### [What to work on]
In the data below, begin at the line with "Satellite imagery of Flyskären, AX" and stop after the line with "The Beginning After"; output those lines exactly and no pictures.

### [Source data]
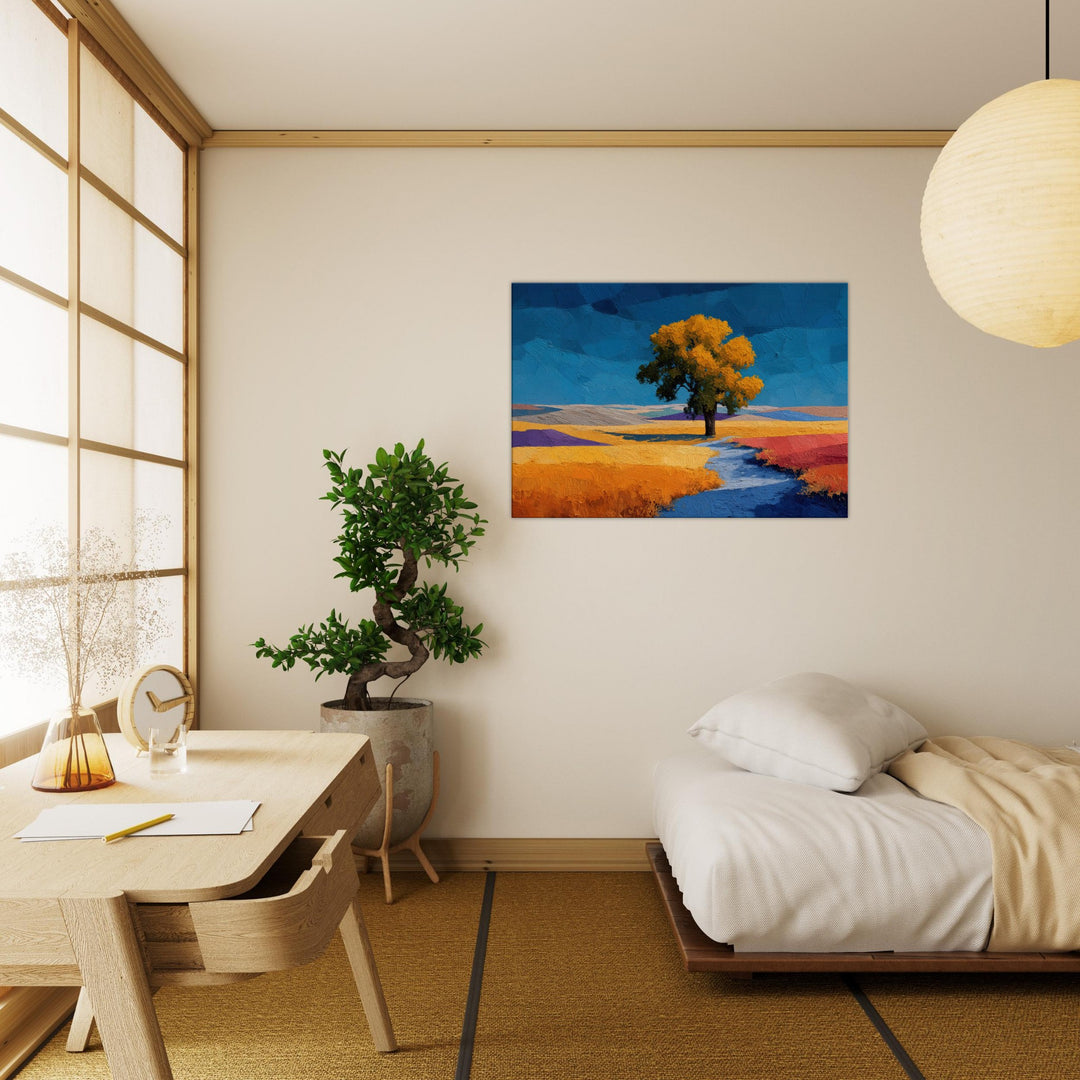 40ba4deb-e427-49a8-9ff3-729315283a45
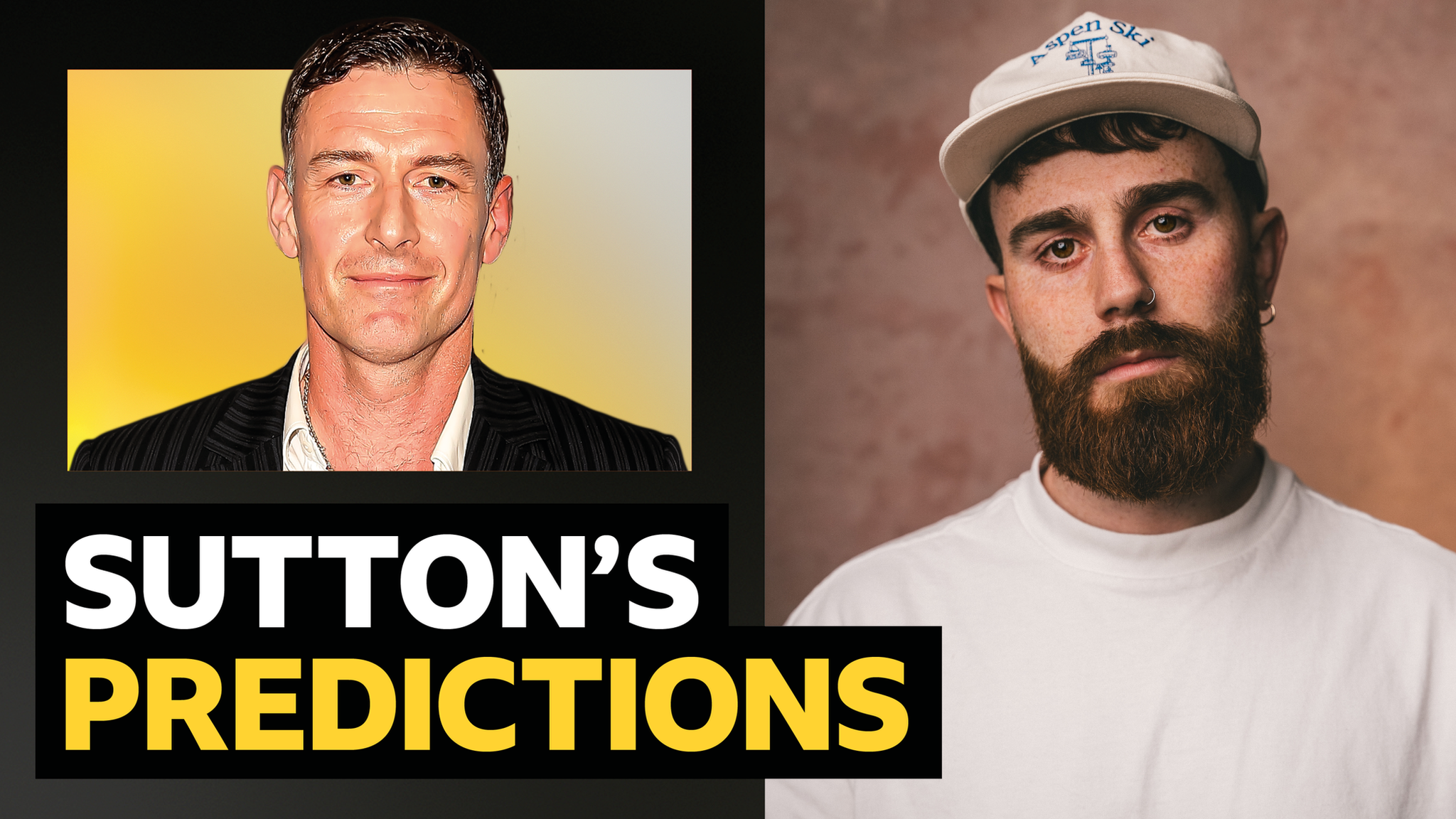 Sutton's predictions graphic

...

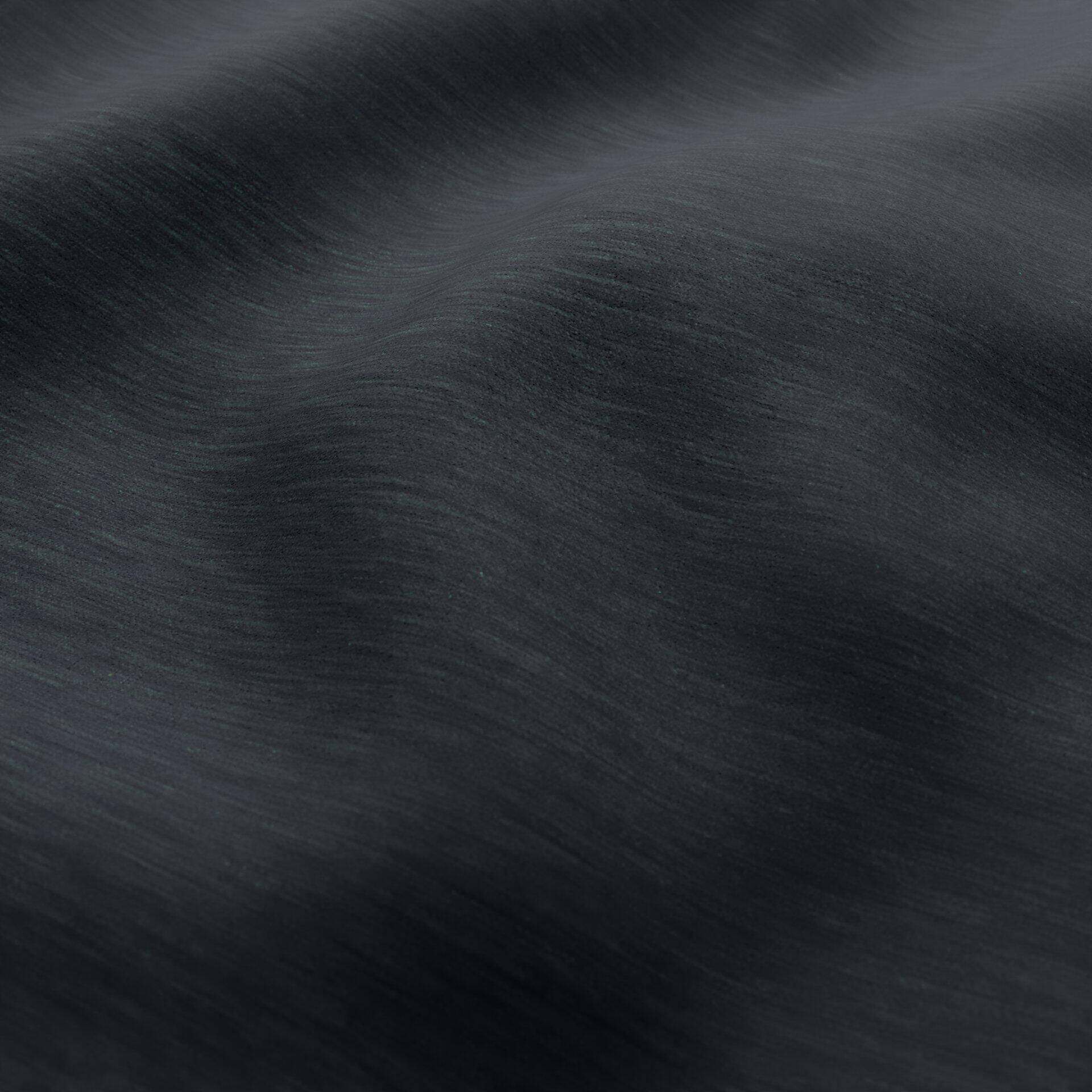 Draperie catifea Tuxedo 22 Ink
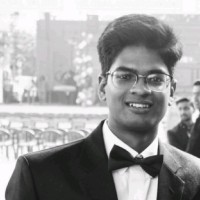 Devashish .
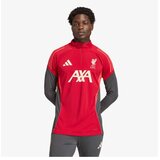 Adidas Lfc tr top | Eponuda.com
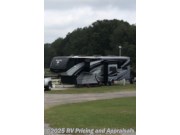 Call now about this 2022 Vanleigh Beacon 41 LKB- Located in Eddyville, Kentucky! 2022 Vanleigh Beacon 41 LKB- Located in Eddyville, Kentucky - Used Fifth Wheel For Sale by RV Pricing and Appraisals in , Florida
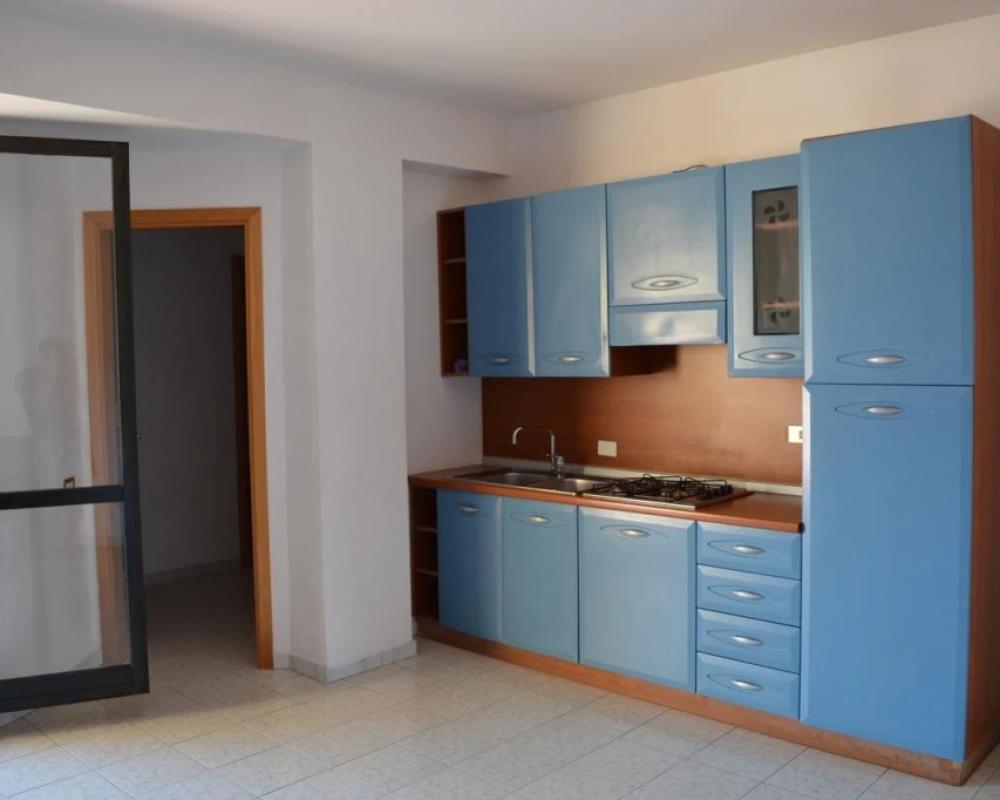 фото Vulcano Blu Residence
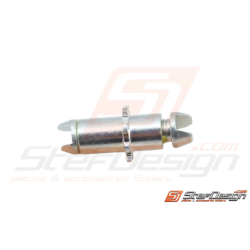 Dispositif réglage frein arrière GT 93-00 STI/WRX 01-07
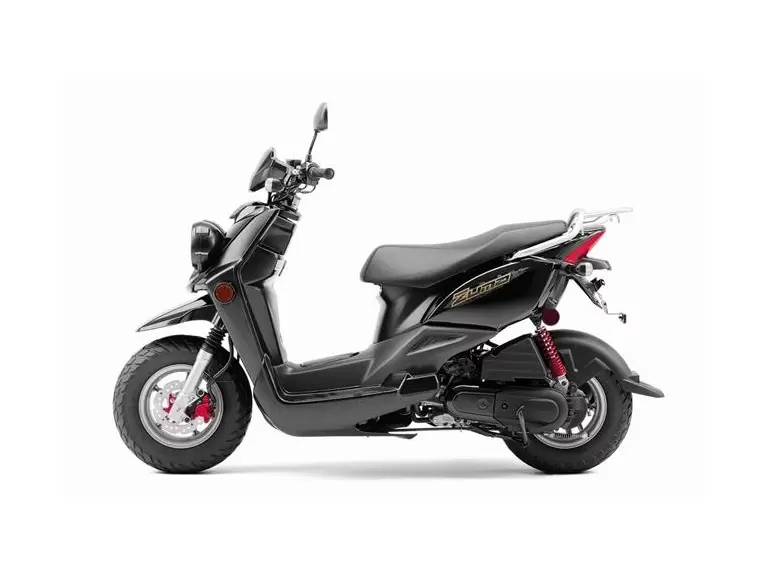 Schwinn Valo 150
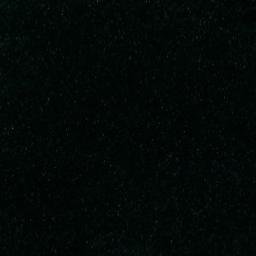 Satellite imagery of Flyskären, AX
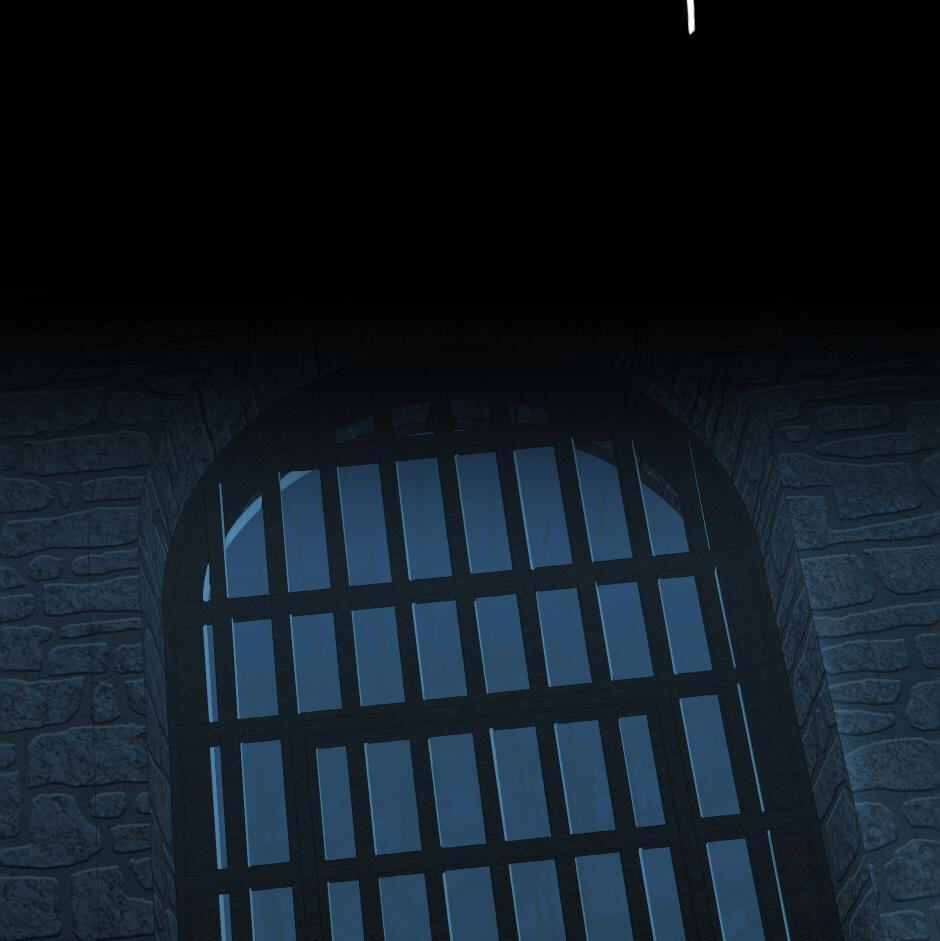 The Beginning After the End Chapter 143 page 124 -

...

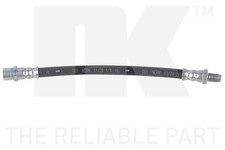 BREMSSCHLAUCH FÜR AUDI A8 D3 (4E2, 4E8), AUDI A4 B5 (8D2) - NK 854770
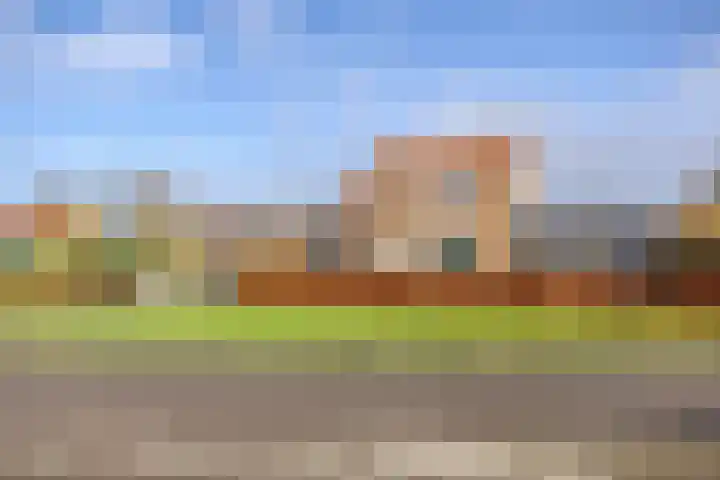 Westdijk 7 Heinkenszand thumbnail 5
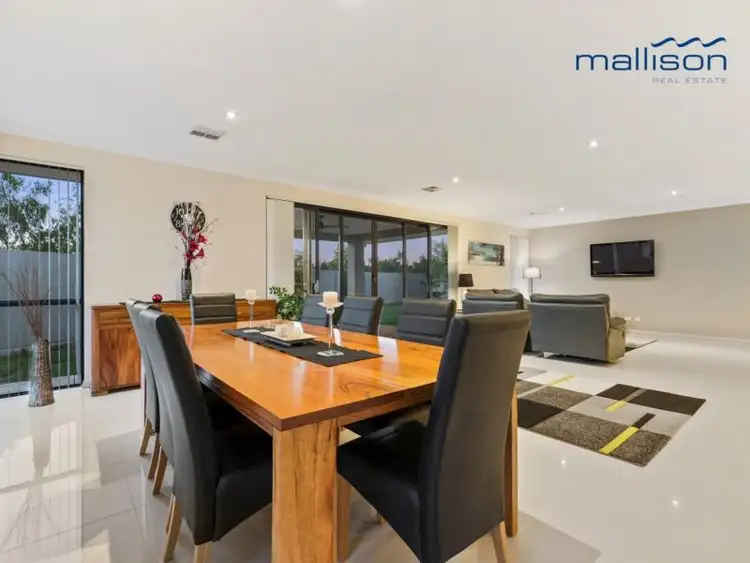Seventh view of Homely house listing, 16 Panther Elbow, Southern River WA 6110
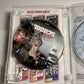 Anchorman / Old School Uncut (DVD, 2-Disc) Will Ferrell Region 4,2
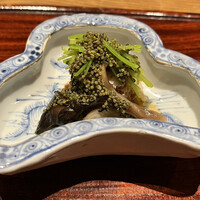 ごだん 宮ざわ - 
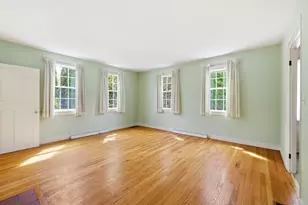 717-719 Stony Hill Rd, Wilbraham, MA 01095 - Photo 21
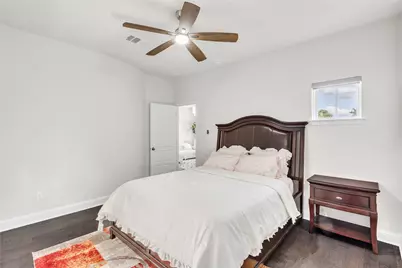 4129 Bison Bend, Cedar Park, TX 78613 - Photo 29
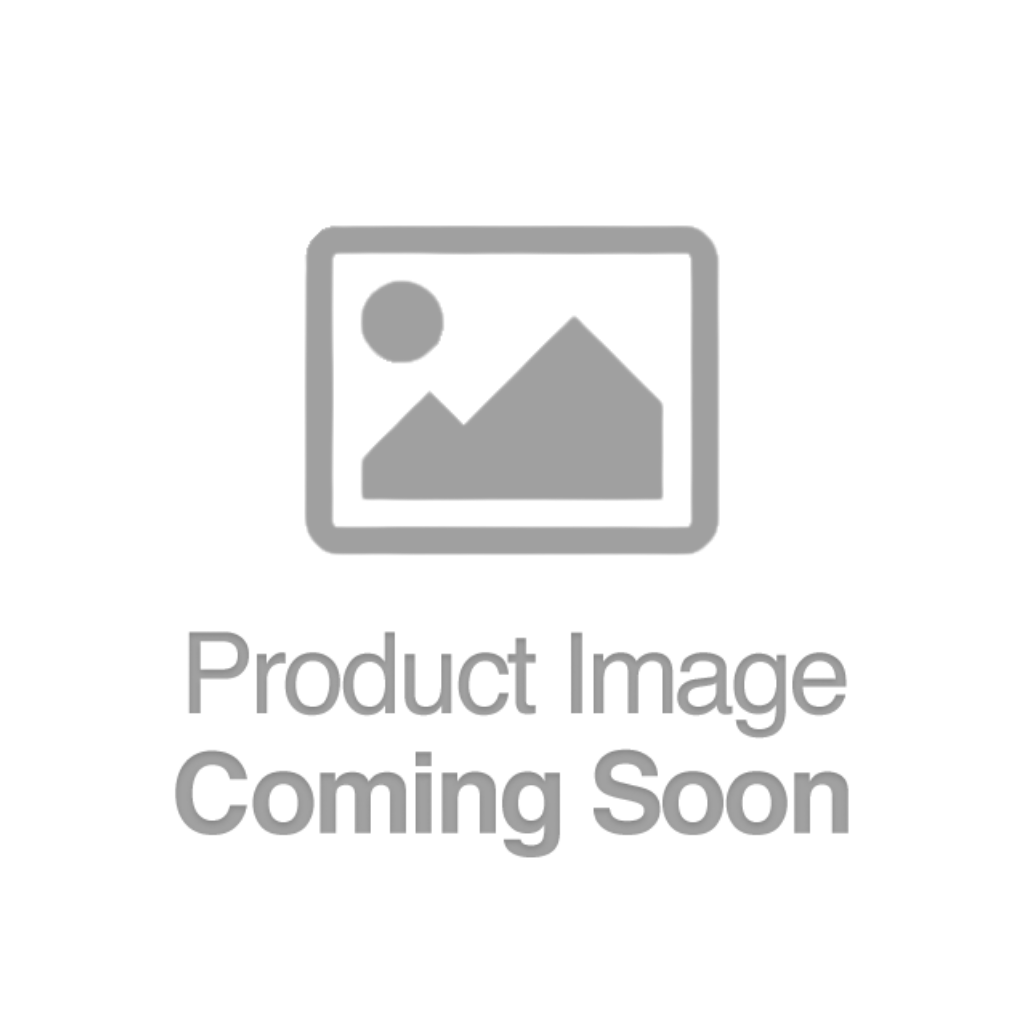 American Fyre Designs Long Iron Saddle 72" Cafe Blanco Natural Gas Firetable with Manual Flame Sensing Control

### [Answer to the exercise]
 Satellite imagery of Flyskären, AX
 The Beginning After the End Chapter 143 page 124 -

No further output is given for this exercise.